Work request
Pictures aside, every line of the listing should be given again exactly.

Input data
---
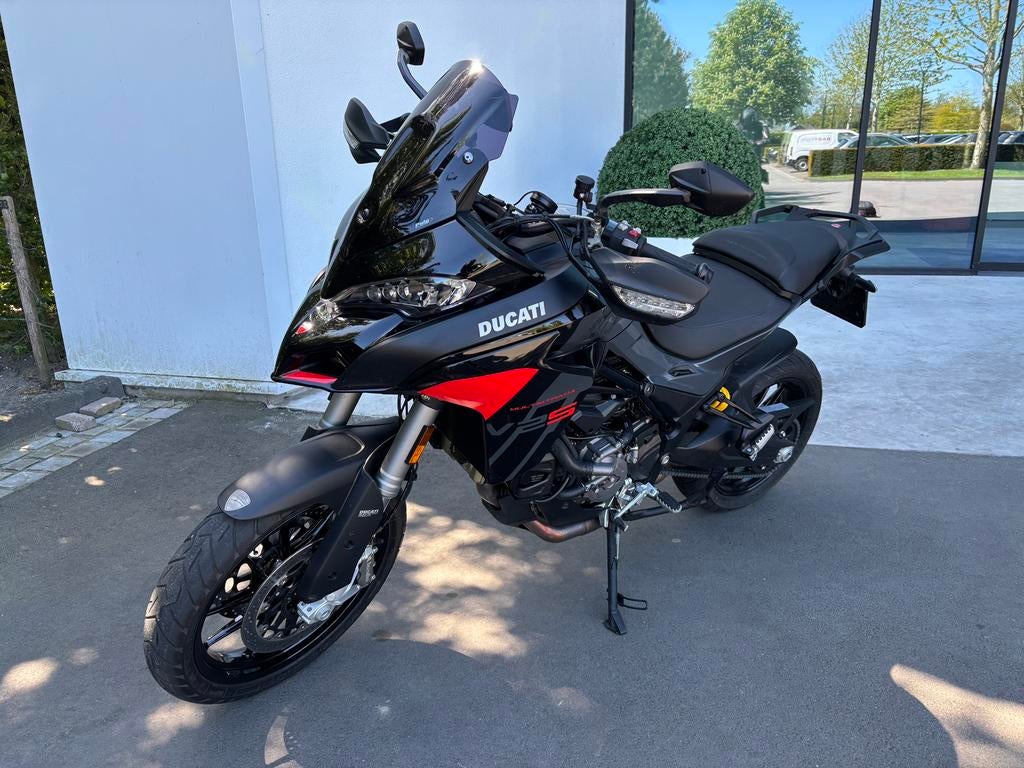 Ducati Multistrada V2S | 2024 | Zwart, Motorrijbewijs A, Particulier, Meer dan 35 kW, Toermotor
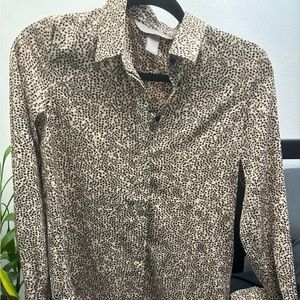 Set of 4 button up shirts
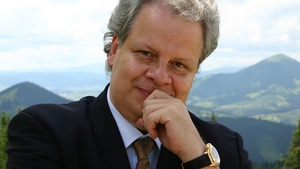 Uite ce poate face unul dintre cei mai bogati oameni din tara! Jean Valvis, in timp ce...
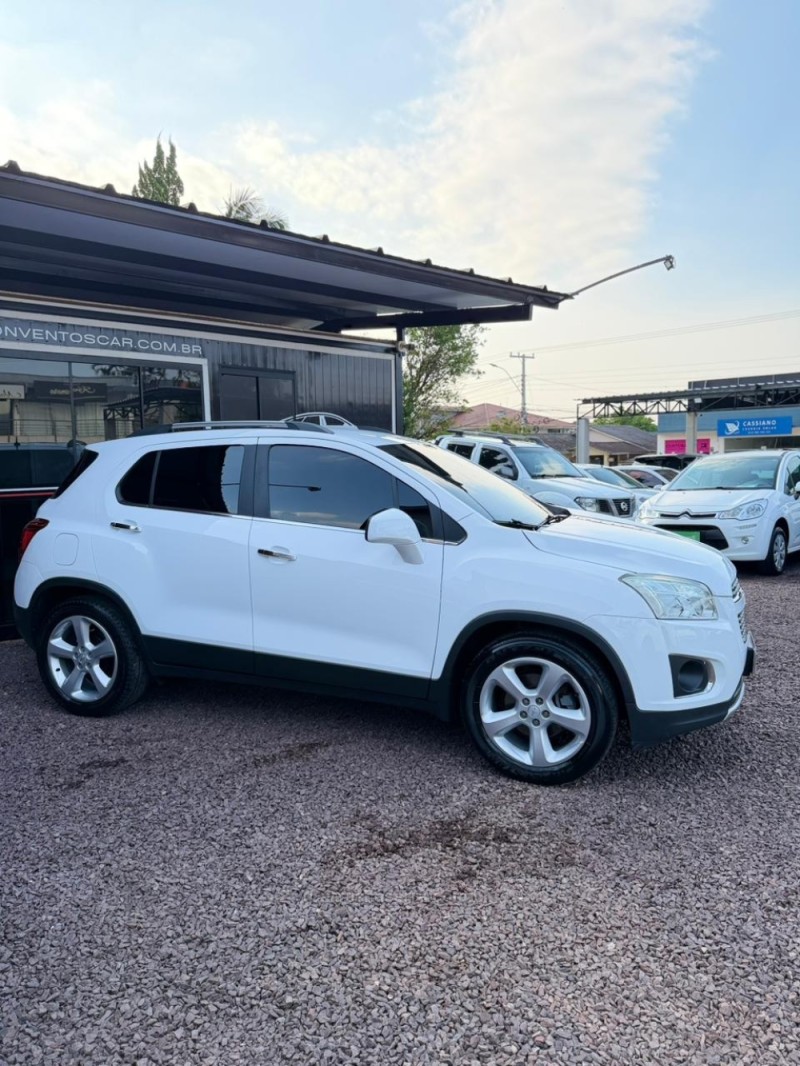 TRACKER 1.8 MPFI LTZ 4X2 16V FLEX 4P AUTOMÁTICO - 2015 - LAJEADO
---
Final answer
 Ducati Multistrada V2S | 2024 | Zwart, Motorrijbewijs A, Particulier, Meer dan 35 kW, Toermotor
 Set of 4 button up shirts
 Uite ce poate face unul dintre cei mai bogati oameni din tara! Jean Valvis, in timp ce...
 TRACKER 1.8 MPFI LTZ 4X2 16V FLEX 4P AUTOMÁTICO - 2015 - LAJEADO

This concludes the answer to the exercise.